Developers will create a separate feature branch to work in an isolated environment and develop a particular feature for the project. These feature branches are created from the develop branches and merged back into it. They should never directly interact with the master branch of the project.
Once all the features needed for the next release are merged into the develop branch, a new release branch is created which will include all these features. This is done to free up the develop branch so that other collaborators can continue to develop new features and merge them into the develop branch. No major changes are added to the release branch and it will only include small bug fixes, documentation, and other meta-data required for the next release. Tests are performed on this release branch to make sure that the included code is stable. It is then merged into the master and develop branch.
Sometimes an immediate solution is required to a problem present in the master branch. For this, a new hotfix branch is created based on the corrupted commit of the master branch, and the problem is rectified on this branch. It is merged back into the master branch and a new version is released. This branch is also merged back into the develop branch to make sure that the develop branch is aware of the quick-fix that was created to solve the problem.
We now know the different branches involved in this Git workflow. The following steps explain how and when each of these branches will be created and used.
The project starts by initializing a Git repository with a master branch. We will add an initial tagged commit to it. The overall structure of the master branch is shown below.
Next, a develop branch is created based on the initial commit of the master branch. This branch is where all the development work for the project will be done. The master branch and the develop branch are called the Long-Running branches as they will always be present in the project. Other branches like feature, hotfix, and release are deleted after they serve their purpose.
Any new feature will have its own dedicated feature branch. This feature branch will be based on some commit of the develop branch. When the work on this branch is ready, it is merged back into the develop branch.
A new feature was developed and merged into the develop branch in the above image. We are now ready to create a new release. For this, a release branch is created based on the develop branch. We will add a few commits to this release branch which will include meta-data about the next release. This is then merged into the master and the develop branches.
Let's say we discover a small bug in some release version. To rectify it, we will create a new hotfix branch based on the erroneous commit of the master branch. After removing the bug this branch is merged back into master a new release is made. We also merge it into the develop branch.
A thing to remember is that all merges are Three-Way merges. This is done to ensure that we can understand where a new branch was created and where it was merged.

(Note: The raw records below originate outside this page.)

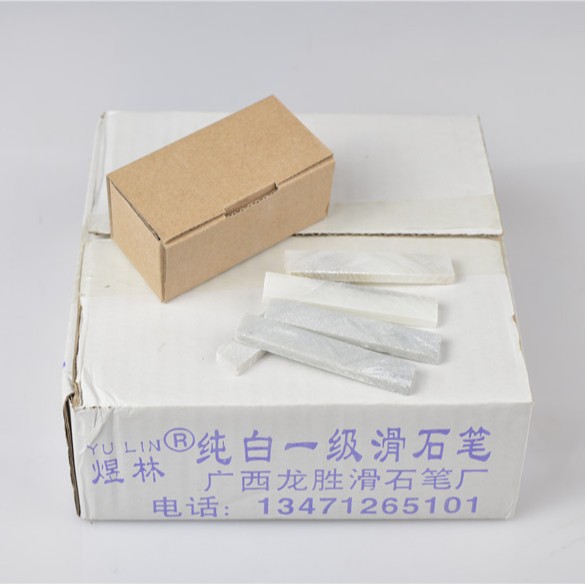 水晶滑石笔加厚加宽耐用划线笔 粉笔广西纯白石笔划线记号笔批发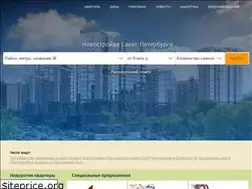 Sites similar to spbnovostroika.ru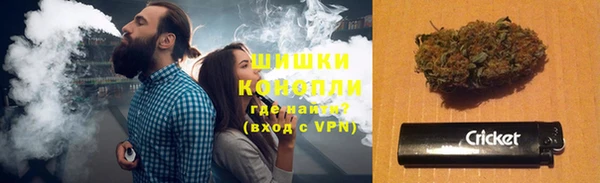 гидра Беломорск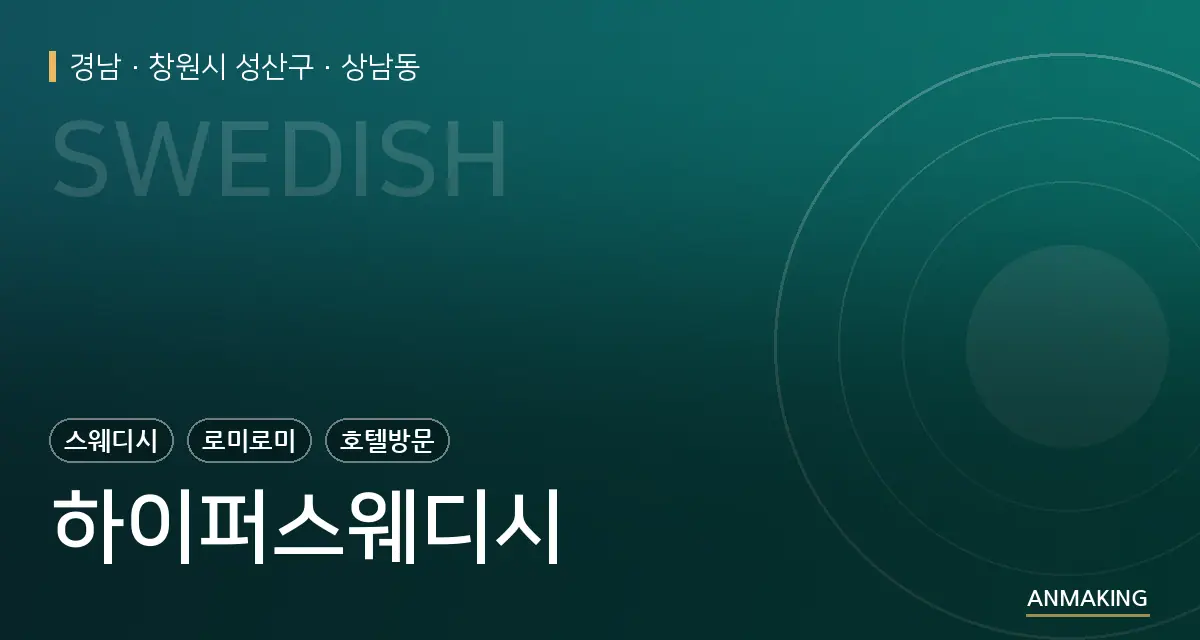 경남 창원시 성산구 하이퍼스웨디시 안내 이미지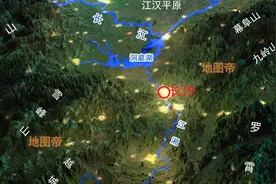 为什么叫长沙？视频封面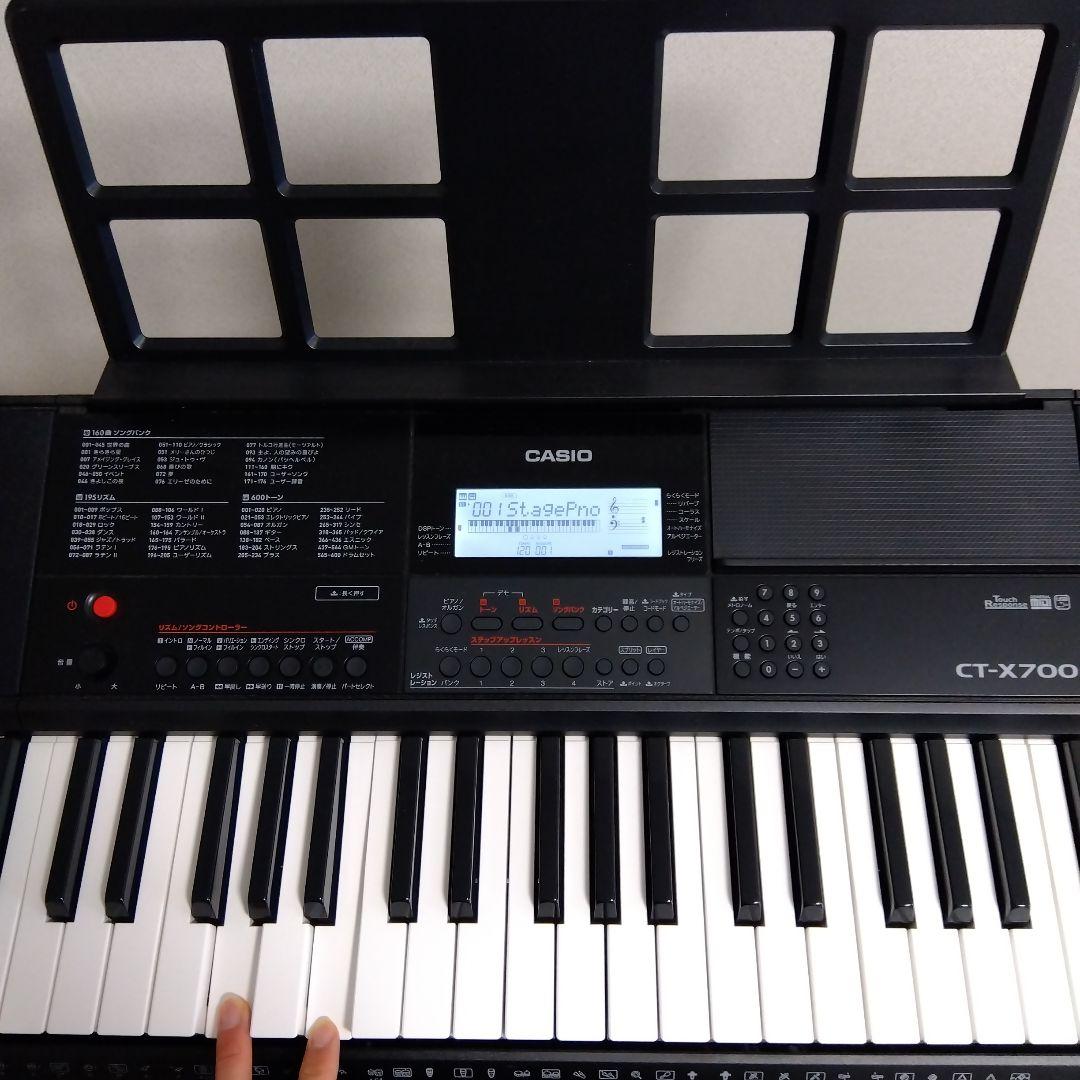 CASIO CT-X700 キーボード　ペダル スタンド付き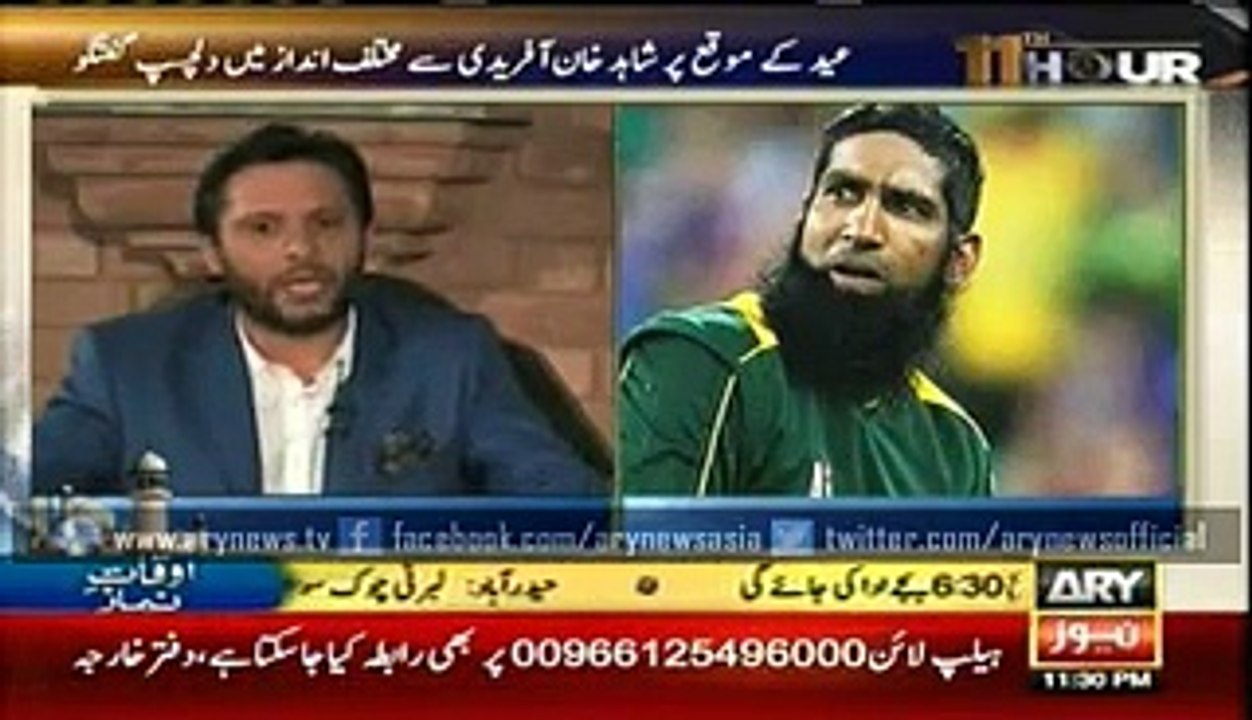 Why Muhamad Yousaf speaks against Shahid Afridi - Afridi Replies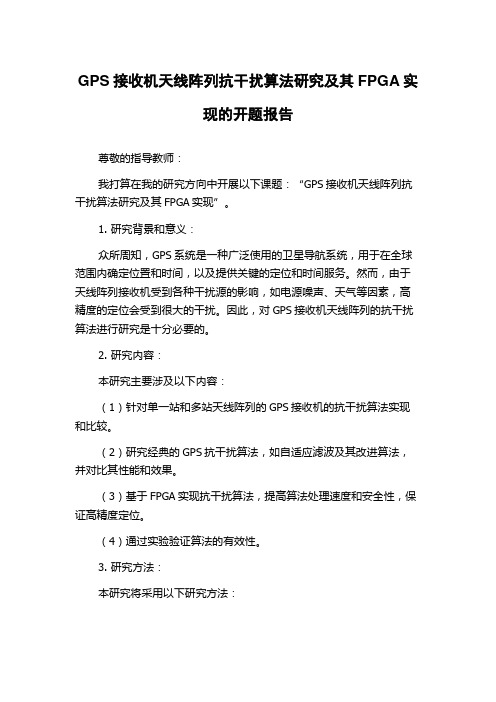 GPS接收机天线阵列抗干扰算法研究及其FPGA实现的开题报告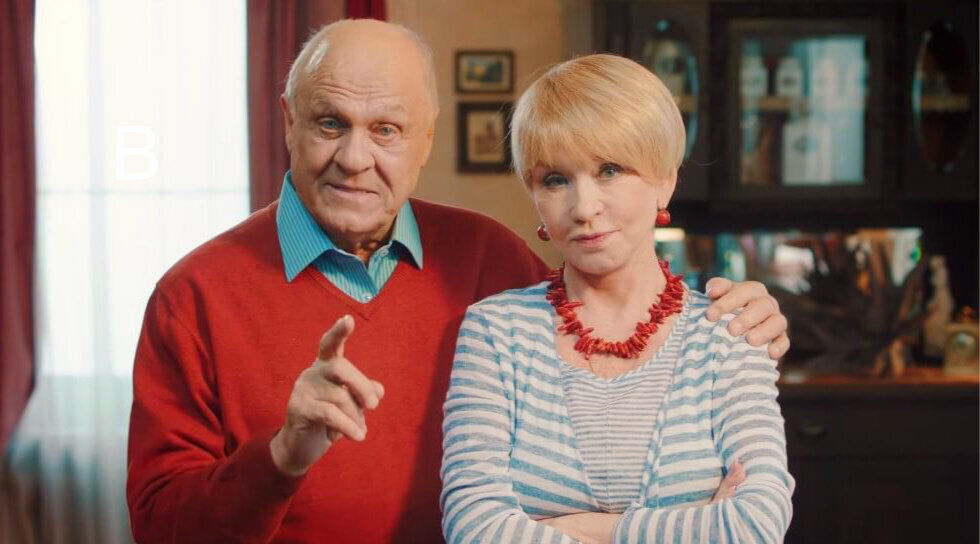 Меньшов и Алентова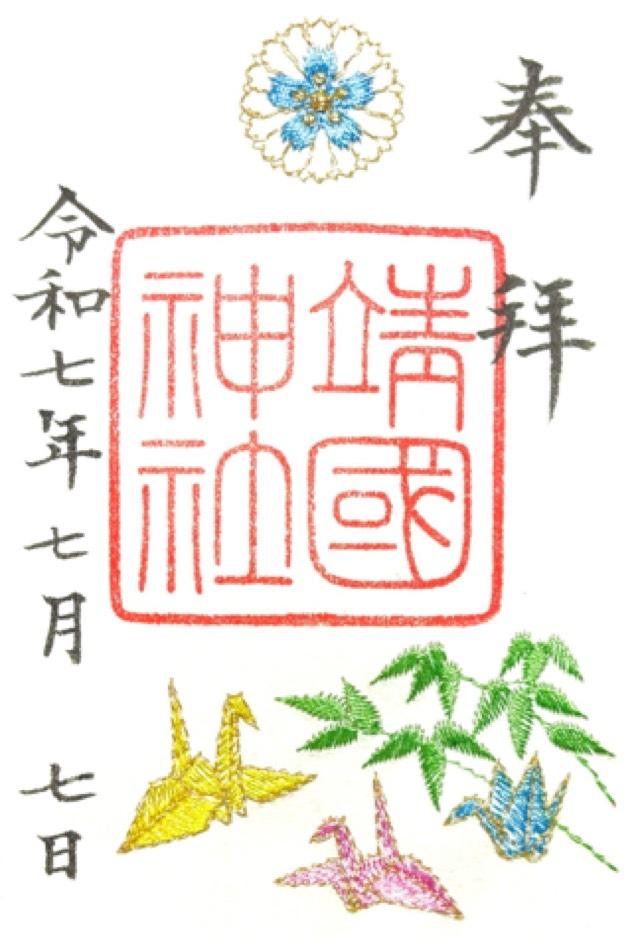 靖國神社（靖国神社）の御朱印1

The final history of the repository is shown below. We have the master branch with three commits indicating that we have made three releases versions. The develop branch has all the new developments added to the project and a feature branch is also created and merged back into it. A bug was present in the initial version(v0.1) and it was rectified using a hotfix branch. We have a release branch made to add documentation and other release meta-data for version v1 of the project.
Advantages of using Gitflow Workflow
Gitflow workflow is very commonly used and there are certain benefits of using this workflow. Let's look at some of the key advantages of Gitflow.
- Gitflow allows developers to work parallelly on different things as we have dedicated branches for different tasks. For example, we have the hotfix branch and release branch which can be used to prepare a new release version. These branches will free up the develop branch and so new development can be continued on this branch. This also provides an isolated environment to work on different things.
- Feature branches provide developers an independent workspace where they can experiment with things and develop new features without worrying about affecting the rest of the project.
- Hotfix branches allow us to provide quick solutions to bugs present on the master branch. This separate branch also makes sure that we are only including the solution to the problem and not the newly developed features from the develop branch.
- The develop branch provides a kind of staging area for new features. All the new developments are added to this branch and they can then be included in the next release version.
Gitflow is a workflow that defines how to use different branches to work and collaborate on large-scale projects that need frequent release cycles. It simply defines a branching model and fixed roles for different branches. We have two main long-running branches called master and feature, and three temporary functionality branches called feature, release, and hotfix. These branches provide support parallel development which can increase the overall efficiency of the team.